Kansas City, Mo. — The story line Sunday very suddenly turned from a debate on an official scorer’s decision to whether the Tigers squandered a fatal dose of scoring chances.
The former was rendered irrelevant and the latter turned out to be true. Carlos Santana hit a two-run walk-off home run off Michael Fulmer to send the Royals to a series-winning, 3-2 win.
To that point, Tigers rookie right-hander Casey Mize was the central figure in this one. He posted his fifth straight quality start and going into the seventh had allowed just one very questionable single, that to Salvador Perez in the fourth inning.
But that scoring decision became moot in the seventh inning when Andrew Benintendi and Perez hit legitimate singles off Mize and chased him from the game.
Lefty Gregory Soto entered with runners at first and third and one out and promptly threw a wild pitch that allowed Perez to get to second. Pinch-hitter Hanser Alberto lifted a 3-2 pitch to medium depth right field. Benintendi tagged scored easily from third.
But the Tigers, on a strong relay from Robbie Grossman to Miguel Cabrera to Jeimer Candelario, gunned down Kelvin Gutierrez trying to advance to third. Gutierrez beat the throw but third-base umpire Lance Barrett ruled his hand had come off the bag.
Replays didn’t support that but the Royals had used up all their challenges and the play couldn’t be reviewed.
Mize was in complete control through six. He had command of all five of his pitches, especially his slider. The Royals took 11 swings at it and missed on six.
About that first hit. Mize had walked Benintendi with two outs. That was the first runner against him. Perez hit a chopper to shortstop Niko Goodrum. The ball wasn’t hit hard (78-mph exit velocity) but it had a lot of top spin on it. Goodrum stabbed at it but it hit off his glove and went into left field.
According to Statcast, the expected batting average on it was .370. The Tigers asked official scorer Max Utsler to review the call. He did and stuck with it.
Catcher Jake Rogers rendered it inconsequential. He pounced on a ball that had bounced a few feet to his right and threw a seed to third base to nail Benintendi trying to advance.
But, oh those wasted opportunities.
It looked like the Tigers were going to break this one open right out of the gate.
A double by Grossman and then singles by Candelario, Cabrera and Eric Haase had the Tigers up 2-0 with the bases loaded and only one out.
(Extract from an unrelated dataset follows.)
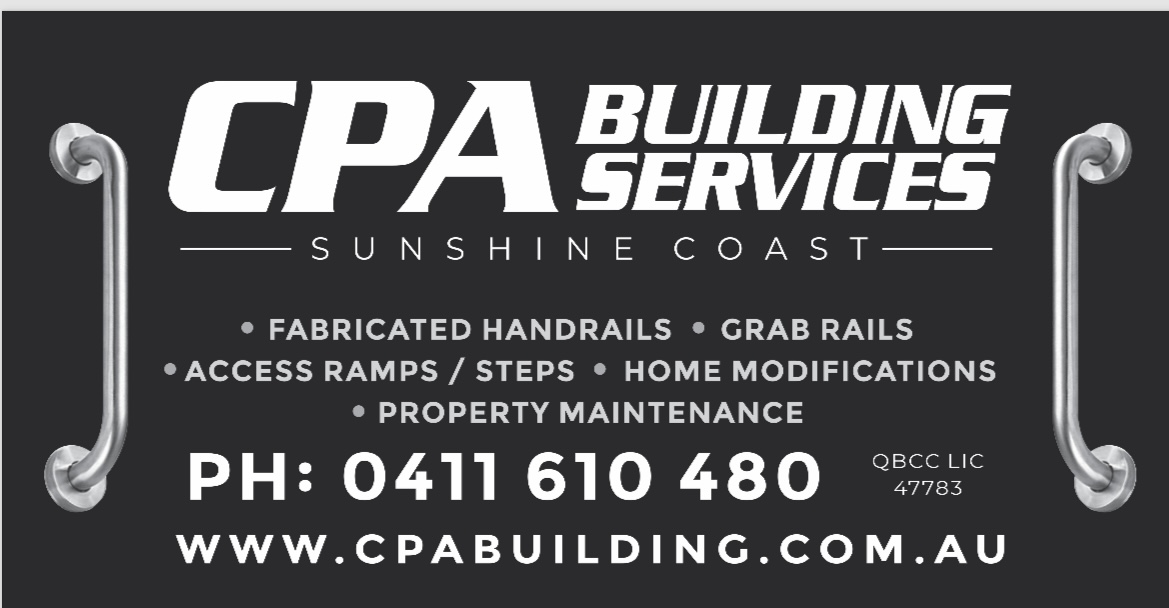 Cpa Building Services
But Royals lefty starter Kris Bubic, who had shut the Tigers out over five innings at Comerica Park on May 13, regathered. He got Wilson Ramos to foul out and he struck out JaCoby Jones on three pitches.
The Tigers did nothing else against him until the fifth, when they let him wriggle off the hook again. Schoop and Candelario started the inning with singles and Cabrera, who has hit six of his last seven games, hit a bullet, 107-mph exit velocity off the bat — but it was went right to shortstop Nicky Lopez who started a fast 6-4-3 double-play.
After leaving two more runners on in the seventh, Schoop doubled to lead off the seventh and got to third with no outs on a wild pitch.
Stranded. Like seven other Tigers runners up to that point.
Schoop stayed put on a groundout by Candelario and then tried to score on a grounder by Cabrera. He was thrown out easily.